= Beginning of Section =

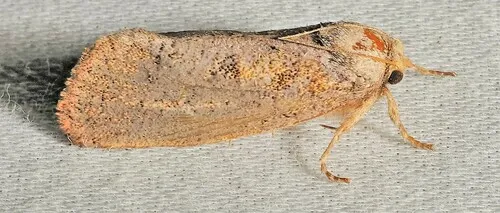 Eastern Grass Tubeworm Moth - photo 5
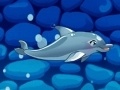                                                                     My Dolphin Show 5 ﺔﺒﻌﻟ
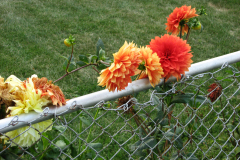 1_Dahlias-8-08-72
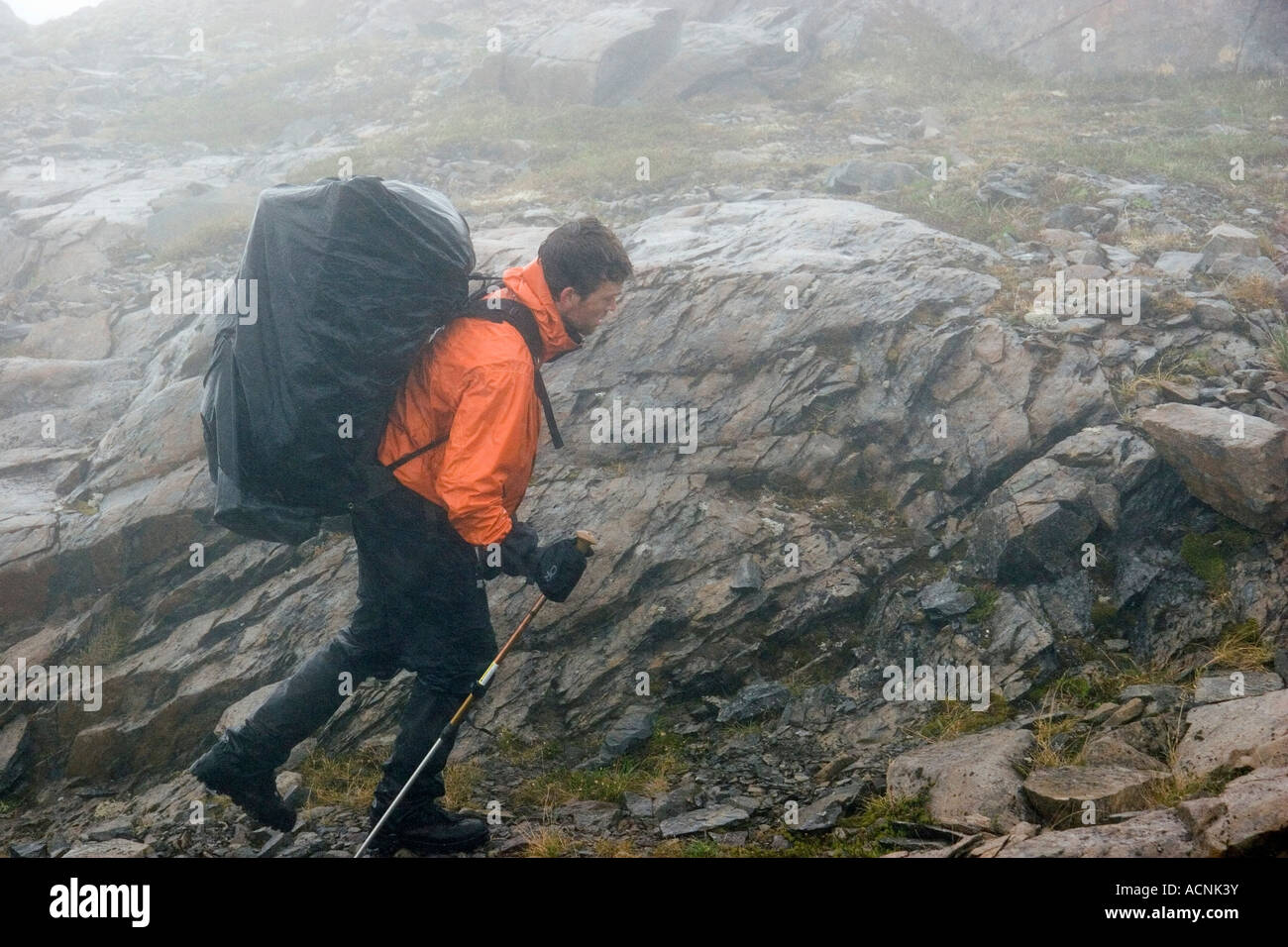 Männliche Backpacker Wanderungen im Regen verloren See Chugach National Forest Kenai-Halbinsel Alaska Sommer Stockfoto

= End of Section =

• _EXERCISE OBJECTIVE_: Copy every line of the data exactly as written, excluding the pictures.

• _THE ANSWER_:
 Eastern Grass Tubeworm Moth - photo 5
                                                                     My Dolphin Show 5 ﺔﺒﻌﻟ
 1_Dahlias-8-08-72
 Männliche Backpacker Wanderungen im Regen verloren See Chugach National Forest Kenai-Halbinsel Alaska Sommer Stockfoto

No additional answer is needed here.